== Records for this exercise ==

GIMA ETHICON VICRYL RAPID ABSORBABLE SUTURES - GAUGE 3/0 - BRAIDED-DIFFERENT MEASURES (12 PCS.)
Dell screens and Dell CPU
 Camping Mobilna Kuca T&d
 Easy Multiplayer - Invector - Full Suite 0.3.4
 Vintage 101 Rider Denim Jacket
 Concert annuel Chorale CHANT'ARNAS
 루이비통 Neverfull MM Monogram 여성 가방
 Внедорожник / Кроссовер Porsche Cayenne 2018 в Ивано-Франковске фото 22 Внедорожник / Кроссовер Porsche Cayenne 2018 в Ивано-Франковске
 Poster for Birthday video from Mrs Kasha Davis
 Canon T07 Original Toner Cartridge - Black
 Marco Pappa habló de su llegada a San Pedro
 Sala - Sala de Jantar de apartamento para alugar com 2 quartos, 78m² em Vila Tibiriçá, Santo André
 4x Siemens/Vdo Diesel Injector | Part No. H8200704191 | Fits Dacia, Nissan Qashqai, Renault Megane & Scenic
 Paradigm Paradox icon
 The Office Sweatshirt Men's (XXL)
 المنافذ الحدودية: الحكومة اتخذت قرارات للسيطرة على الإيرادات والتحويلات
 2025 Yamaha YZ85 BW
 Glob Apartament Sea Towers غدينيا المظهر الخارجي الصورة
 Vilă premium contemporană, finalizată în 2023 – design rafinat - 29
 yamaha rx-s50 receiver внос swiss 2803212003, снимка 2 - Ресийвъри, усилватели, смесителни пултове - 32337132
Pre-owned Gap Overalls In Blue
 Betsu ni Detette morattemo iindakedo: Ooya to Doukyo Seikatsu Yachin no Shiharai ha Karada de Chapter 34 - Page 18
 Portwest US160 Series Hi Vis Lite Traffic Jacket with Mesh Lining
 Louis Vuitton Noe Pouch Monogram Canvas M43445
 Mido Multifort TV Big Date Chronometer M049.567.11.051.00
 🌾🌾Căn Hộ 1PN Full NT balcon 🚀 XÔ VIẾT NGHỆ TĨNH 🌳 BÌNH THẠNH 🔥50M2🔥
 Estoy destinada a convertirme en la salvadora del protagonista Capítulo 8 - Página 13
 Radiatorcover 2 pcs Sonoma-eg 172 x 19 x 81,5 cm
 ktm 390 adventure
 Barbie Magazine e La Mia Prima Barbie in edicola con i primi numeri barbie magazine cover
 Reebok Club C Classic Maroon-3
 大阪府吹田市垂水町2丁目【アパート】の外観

== Required action ==
Look above for the line with "Estoy destinada a" and the line with "Barbie Magazine e". Retype those two lines and every line between them exactly, adding nothing.

== Final answer ==
 Estoy destinada a convertirme en la salvadora del protagonista Capítulo 8 - Página 13
 Radiatorcover 2 pcs Sonoma-eg 172 x 19 x 81,5 cm
 ktm 390 adventure
 Barbie Magazine e La Mia Prima Barbie in edicola con i primi numeri barbie magazine cover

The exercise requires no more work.